I have arrived with a picnic lunch courtesy of QVM. I don't think the market people like me much. When I ask for half the smallest portion of hummus, two felafels, one olive read roll and two dolmades, their eyes roll. I don't think they care that I am going on a picnic while they are working and earning fifty cents per felafel from my purchase. But I am at the beach so I have to have a picnic despite the fact that my al fresco dining attempts here have had mixed results. I'm hoping that the forecast for today will be right, it's usually pretty accurate. It's supposed to be mostly sunny with a high of seventeen. When I told them where I was off to today, the workmen at the hostel advised me to take a drizzabone. “The wind off the sea can come up out there, you'll want something other than a sunhat, darlin'.” Oh ye of little faith, thought I optimistically but I did take my polar fleece just to please them.

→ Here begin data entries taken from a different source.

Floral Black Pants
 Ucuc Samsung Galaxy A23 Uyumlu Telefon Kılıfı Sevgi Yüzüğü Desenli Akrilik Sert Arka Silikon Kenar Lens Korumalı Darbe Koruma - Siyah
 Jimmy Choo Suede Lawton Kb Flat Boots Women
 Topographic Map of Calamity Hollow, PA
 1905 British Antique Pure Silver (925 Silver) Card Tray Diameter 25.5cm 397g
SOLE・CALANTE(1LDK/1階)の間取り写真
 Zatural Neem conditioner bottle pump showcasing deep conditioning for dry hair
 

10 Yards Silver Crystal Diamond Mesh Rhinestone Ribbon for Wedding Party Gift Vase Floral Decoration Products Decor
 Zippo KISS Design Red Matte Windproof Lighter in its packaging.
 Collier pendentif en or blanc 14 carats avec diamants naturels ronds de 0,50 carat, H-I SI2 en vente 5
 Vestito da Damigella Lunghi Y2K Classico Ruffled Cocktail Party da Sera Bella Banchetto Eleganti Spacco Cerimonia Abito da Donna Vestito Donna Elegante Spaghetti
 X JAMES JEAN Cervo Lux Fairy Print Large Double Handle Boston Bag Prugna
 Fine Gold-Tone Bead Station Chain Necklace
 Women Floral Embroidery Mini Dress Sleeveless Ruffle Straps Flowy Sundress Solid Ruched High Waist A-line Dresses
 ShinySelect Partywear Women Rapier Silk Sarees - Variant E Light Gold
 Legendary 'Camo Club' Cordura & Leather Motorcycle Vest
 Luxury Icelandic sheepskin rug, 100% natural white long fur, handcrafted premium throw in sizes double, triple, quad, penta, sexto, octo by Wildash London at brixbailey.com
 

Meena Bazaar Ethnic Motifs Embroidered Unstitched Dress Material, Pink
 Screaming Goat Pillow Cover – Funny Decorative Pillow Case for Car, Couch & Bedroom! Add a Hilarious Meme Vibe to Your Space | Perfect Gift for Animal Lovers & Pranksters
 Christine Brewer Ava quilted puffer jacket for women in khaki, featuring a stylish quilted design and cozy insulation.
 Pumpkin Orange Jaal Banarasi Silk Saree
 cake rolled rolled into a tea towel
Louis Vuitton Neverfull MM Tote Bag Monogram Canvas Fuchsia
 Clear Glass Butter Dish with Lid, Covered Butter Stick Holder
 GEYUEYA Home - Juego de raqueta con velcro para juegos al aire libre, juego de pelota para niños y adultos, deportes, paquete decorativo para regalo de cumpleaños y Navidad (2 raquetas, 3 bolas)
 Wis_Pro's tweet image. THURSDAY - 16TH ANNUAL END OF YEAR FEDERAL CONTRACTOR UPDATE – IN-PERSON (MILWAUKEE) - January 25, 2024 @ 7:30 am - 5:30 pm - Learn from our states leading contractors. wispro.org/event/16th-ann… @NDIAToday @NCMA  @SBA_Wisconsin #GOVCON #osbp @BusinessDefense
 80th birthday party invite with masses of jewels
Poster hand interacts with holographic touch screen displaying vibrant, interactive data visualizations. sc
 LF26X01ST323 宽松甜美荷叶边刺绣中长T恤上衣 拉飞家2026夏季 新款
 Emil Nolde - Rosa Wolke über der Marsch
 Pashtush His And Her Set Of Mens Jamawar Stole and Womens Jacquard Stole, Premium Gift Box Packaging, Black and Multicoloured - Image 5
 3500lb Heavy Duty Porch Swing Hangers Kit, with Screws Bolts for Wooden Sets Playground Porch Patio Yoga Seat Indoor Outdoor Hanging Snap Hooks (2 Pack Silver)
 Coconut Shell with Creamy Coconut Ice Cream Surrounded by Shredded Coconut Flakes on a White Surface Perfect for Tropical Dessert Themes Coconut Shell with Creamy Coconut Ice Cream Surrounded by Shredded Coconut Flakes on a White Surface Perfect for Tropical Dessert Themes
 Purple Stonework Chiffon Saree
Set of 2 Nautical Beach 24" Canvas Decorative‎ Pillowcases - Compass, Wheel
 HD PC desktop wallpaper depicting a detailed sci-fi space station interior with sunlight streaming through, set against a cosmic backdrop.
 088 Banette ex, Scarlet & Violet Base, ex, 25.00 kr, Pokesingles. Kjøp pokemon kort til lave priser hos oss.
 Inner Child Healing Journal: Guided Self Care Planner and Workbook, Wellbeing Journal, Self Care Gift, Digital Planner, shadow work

As I sat on the beach then wrapped up for the Pole and staring down a magpie sitting at my picnic table scowling at me, I am glad I did. There is something staunch about toughing out an al fresco meal with the wind blowing your hair into every bite. I watched a small bug drowning in the oil of my dolmades, not knowing which of us looked sadder. But I did enjoy my trip to Williamstown apart from the fish.
I learned a bit about its history. The pier at Point Gellibrand has seen ships of all sorts come in and out. Settlers, prisoners, wheat, war. Settlers arrived in 1842 on board the Scottish ship 'Manlius'. Yellow fever had already done for forty-two on the journey. The rest were quarantined and more were buried in the makeshift cemetery. The many vessels commissioned as transport to the goldfields and later abandoned became prison hulks. It seems that England did not have exclusivity on full prisons. Convicts quarried and hand hewed bluestone used to construct many of Williamstown's buildings. Their labour built the tramway and pulled the trams from the Gellibrand Quarry to Breakwater Pier. Mrs Isabella Dalgarne believed in rehabilitation. She was temperate and known to lecture drunken sailors by poking them with her 'strong and sensible furled umbrella'. She ran one of the hulks as a rehabilitation unit called a 'sailor's rest' but having seen how many pubs were in this town, I can guess where most of them preferred to 'rest'.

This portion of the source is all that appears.